* **Exercise**
Keep every line in which "with" occurs and drop the rest of the data.

*** Opening of Data records ***

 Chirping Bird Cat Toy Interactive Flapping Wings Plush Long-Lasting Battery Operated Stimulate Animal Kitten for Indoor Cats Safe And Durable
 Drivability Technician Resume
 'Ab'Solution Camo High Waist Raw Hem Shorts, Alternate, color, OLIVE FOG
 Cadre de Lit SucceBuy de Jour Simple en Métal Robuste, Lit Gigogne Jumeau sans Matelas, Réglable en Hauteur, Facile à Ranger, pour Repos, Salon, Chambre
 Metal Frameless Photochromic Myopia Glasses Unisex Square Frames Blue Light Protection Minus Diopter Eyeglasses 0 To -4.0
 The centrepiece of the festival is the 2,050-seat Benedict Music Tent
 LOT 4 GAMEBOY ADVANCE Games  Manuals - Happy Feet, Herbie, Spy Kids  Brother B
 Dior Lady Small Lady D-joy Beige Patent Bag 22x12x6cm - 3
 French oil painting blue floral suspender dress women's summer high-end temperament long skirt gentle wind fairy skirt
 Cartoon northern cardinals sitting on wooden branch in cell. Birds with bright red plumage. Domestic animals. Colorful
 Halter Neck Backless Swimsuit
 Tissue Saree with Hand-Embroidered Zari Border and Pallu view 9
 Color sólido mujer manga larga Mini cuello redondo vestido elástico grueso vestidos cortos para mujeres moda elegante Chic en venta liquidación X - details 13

*** Close of Data records ***

* **Output of the exercise**
 Cartoon northern cardinals sitting on wooden branch in cell. Birds with bright red plumage. Domestic animals. Colorful
 Tissue Saree with Hand-Embroidered Zari Border and Pallu view 9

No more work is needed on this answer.